# Poison Alerts!!!!



## MaidenScotland (Jun 6, 2009)

[CAttention to everyone,
There is an POISON-ALARM in Hurghada!!!
ATTENTION TO EVERYONE

The government layed out about 20kg of chicken meat and meat with Poisson.So please if you find anything like this in the street like this,pick it up and best would be to burn it to be on the save side that no dog,cat or even child can touch it.


----------



## Whitedesert (Oct 9, 2011)

MaidenScotland said:


> [CAttention to everyone,
> There is an POISON-ALARM in Hurghada!!!
> ATTENTION TO EVERYONE
> 
> The government layed out about 20kg of chicken meat and meat with Poisson.So please if you find anything like this in the street like this,pick it up and best would be to burn it to be on the save side that no dog,cat or even child can touch it.

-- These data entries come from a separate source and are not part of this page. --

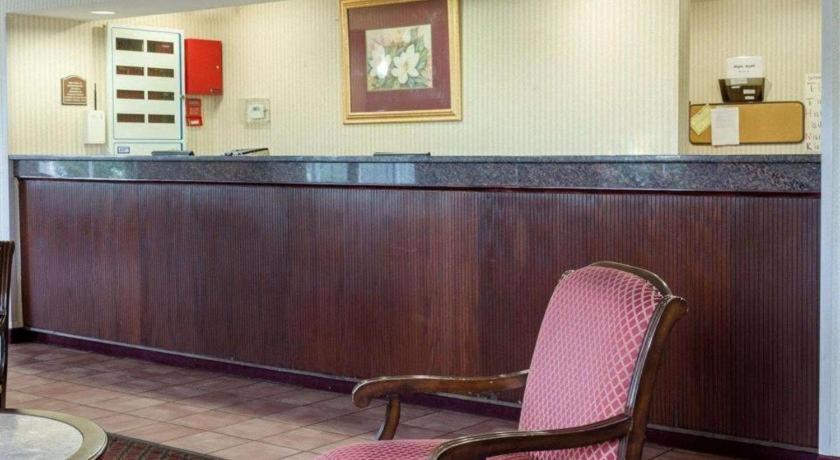 Rodeway Inn Гринвилл Экстерьер фото
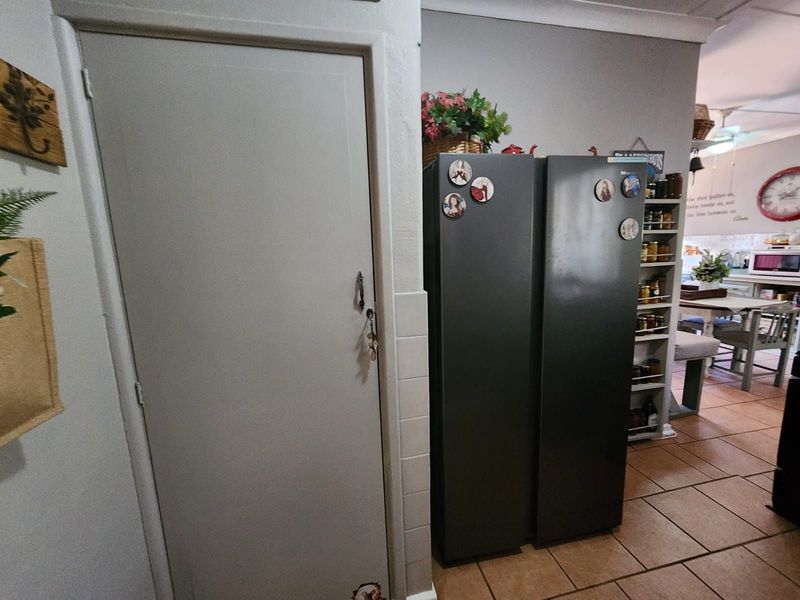 House For Sale in Beaconsfield - Photo 7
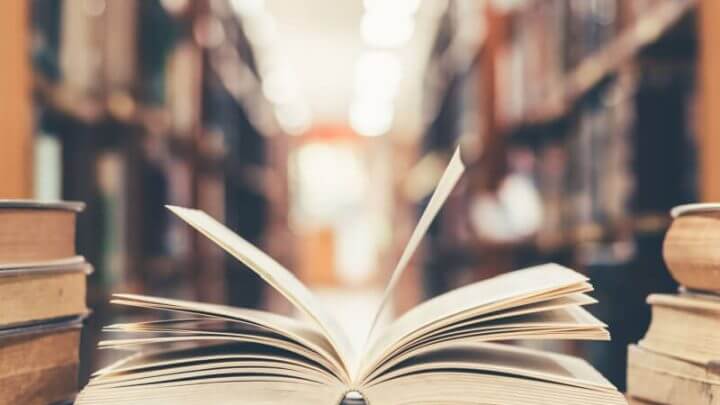 Livro em biblioteca aberto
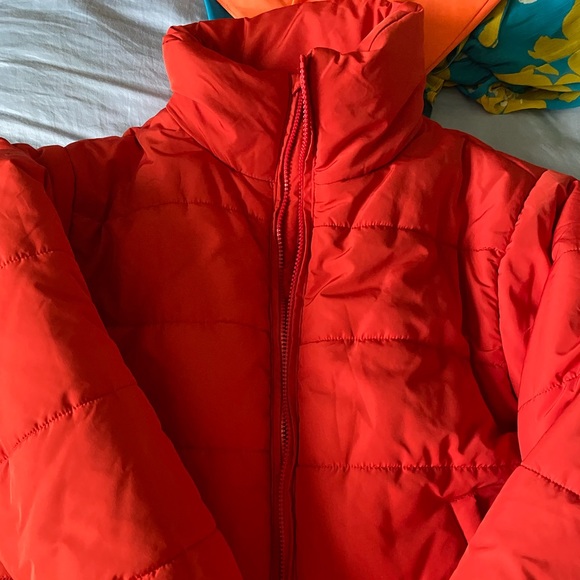 Red puffer jacket - Picture 4 of 5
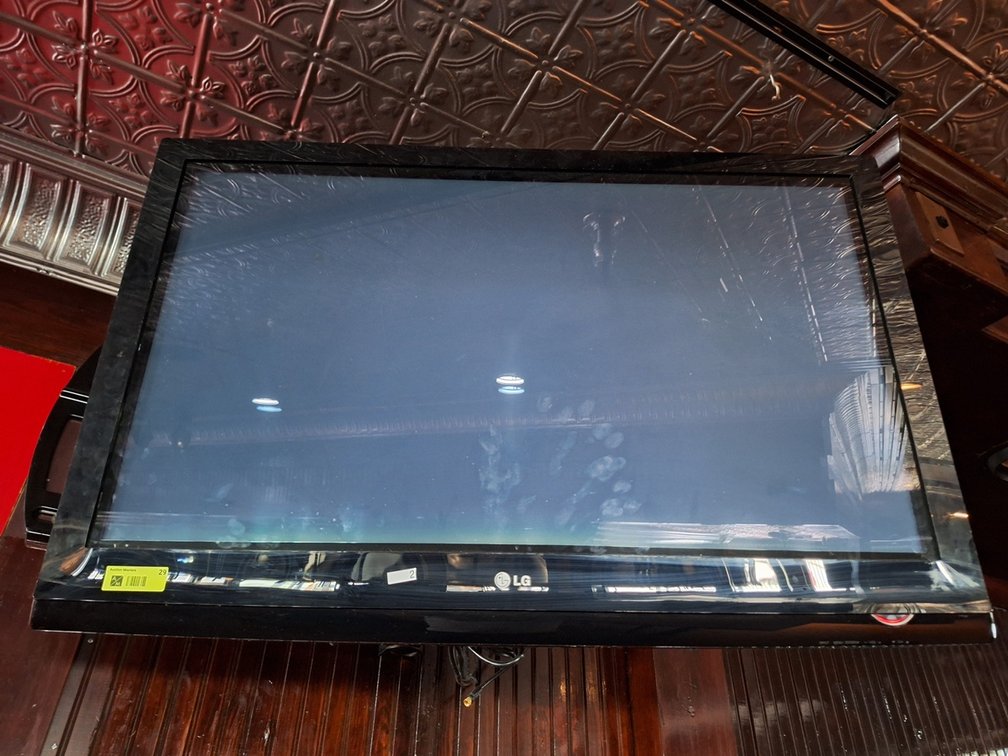 42" LED Flat Screen TV with Wall Mount
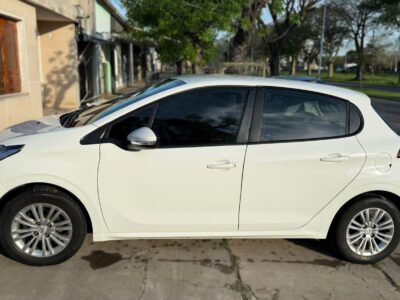 1892584756-Peugeot 208 completo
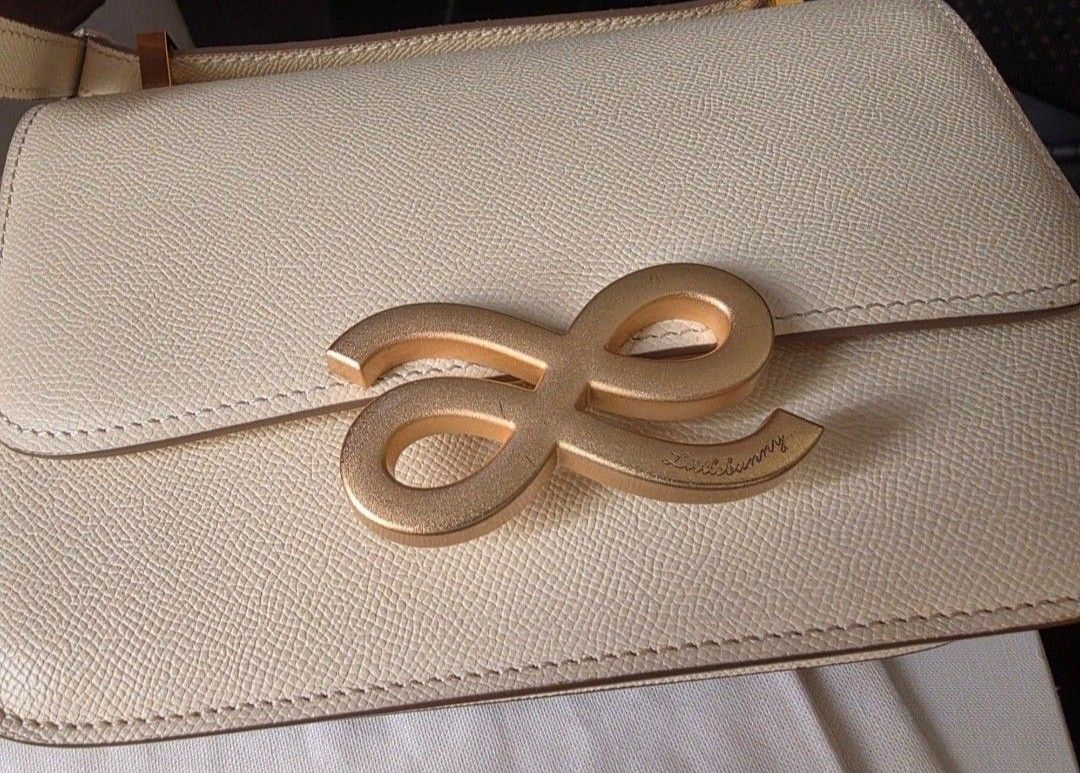 HOLB Genuine Leather Timeless 22 (Category: Luxury Bags & Wallets) located in Manila. Submitted by carsel01 (Listing ID 1449689268, Image 3). Description: genuine leather bought from holb official website comes with dust bag & original box with minimal signs of use.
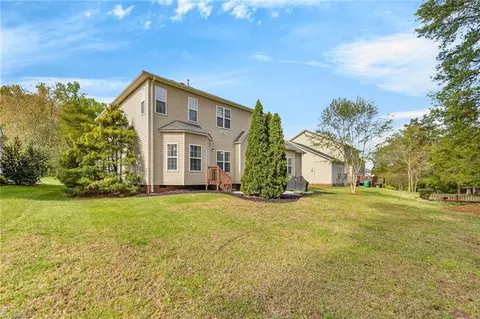 Exterior - 2989 Maple Branch Dr, High Point, NC 27265 photo 3 of 6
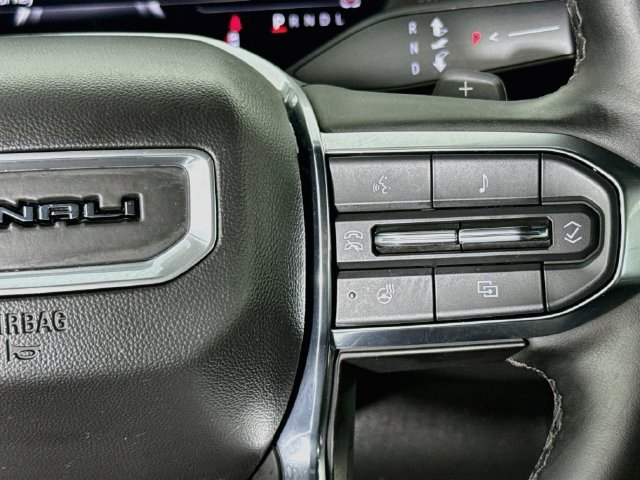 Used 2025 GMC Yukon Denali AWD/4WD image 12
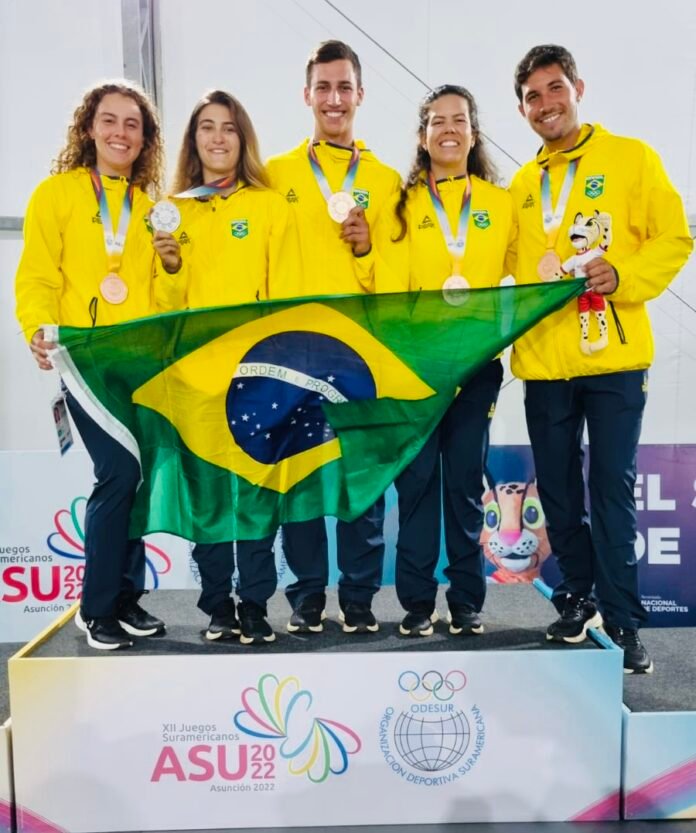 414051_1034944_9fe5949a_abcf_4119_ae2a_34b314dd1d8f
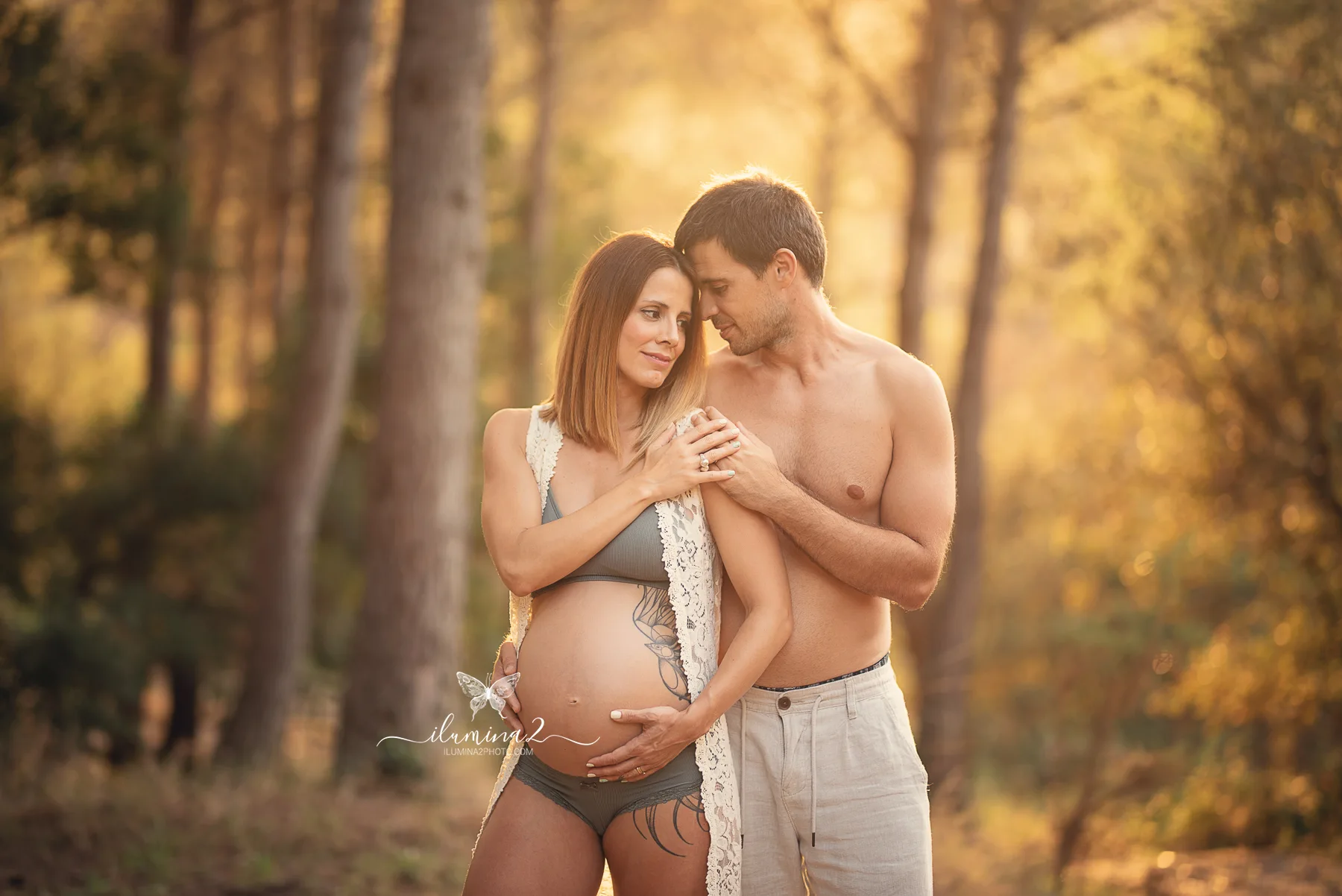 Sesiones de fotos de embarazo en Lleida. Reportaje fotográfico para embarazadas.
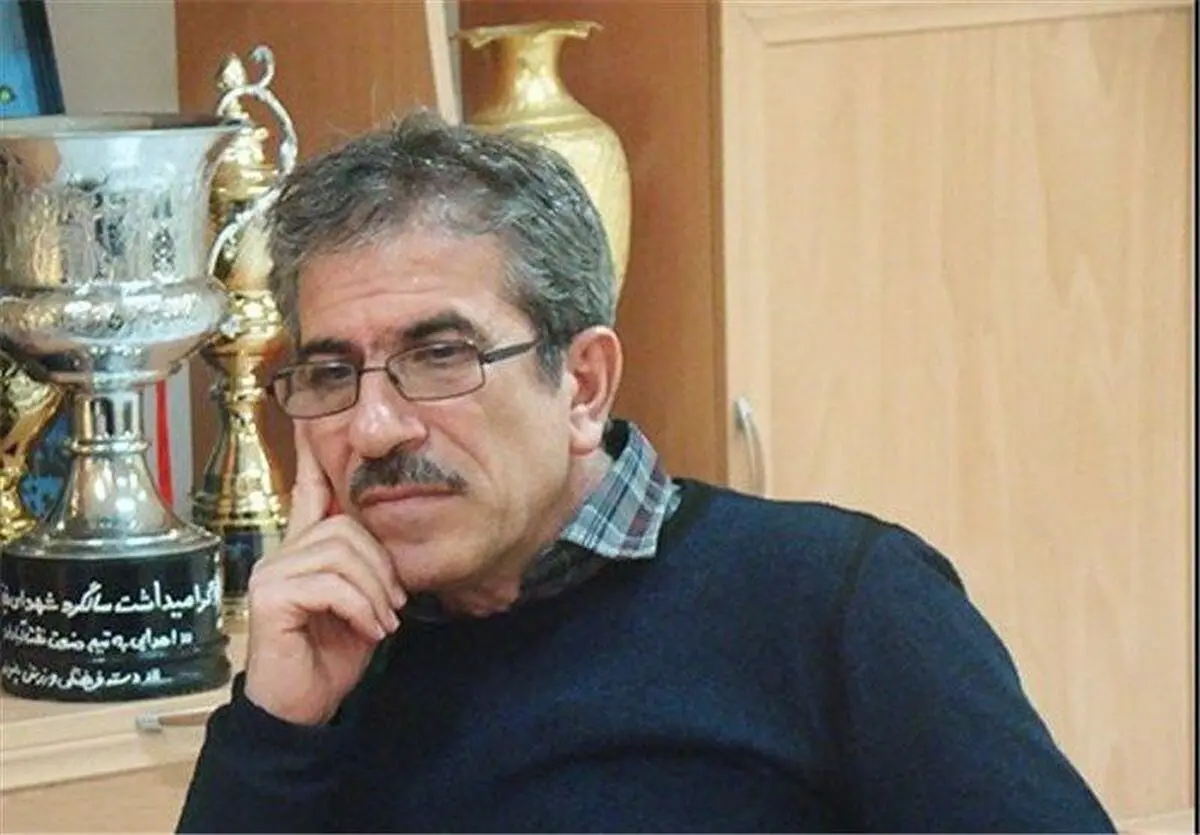 رضاییان: بازیکن 70 میلیونی نفت پیشنهاد 16 میلیاردی دارد/ نمی‌توانیم معجزه کنیم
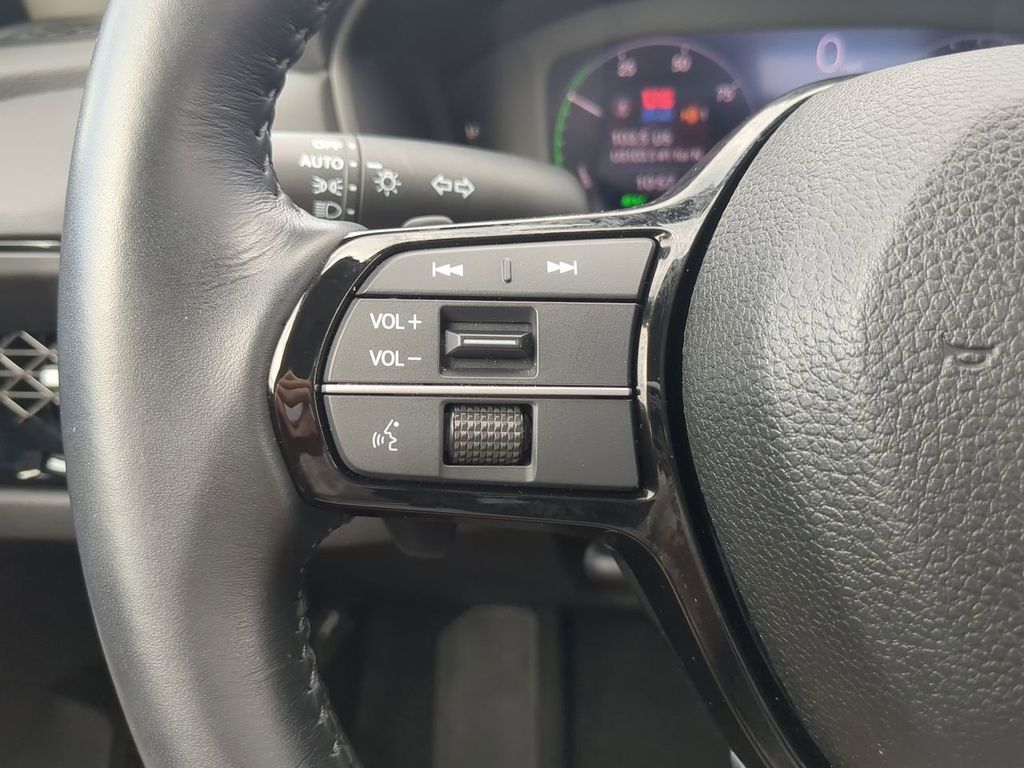 2023 Honda Accord Hybrid Touring Image 30 of 31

 Imagine the Major of Birmingham instructing something along these lines...I dont even think his subordinates would accept the assignement...


----------



## hurghadapat (Mar 26, 2010)

Whitedesert said:


> Imagine the Major of Birmingham instructing something along these lines...I dont even think his subordinates would accept the assignement...



Illegal in any case in the UK....even pest control officers in the UK are restricted as to what poisons they can use where this any chance at all of the general public coming into contact....egypt they use strychnine


----------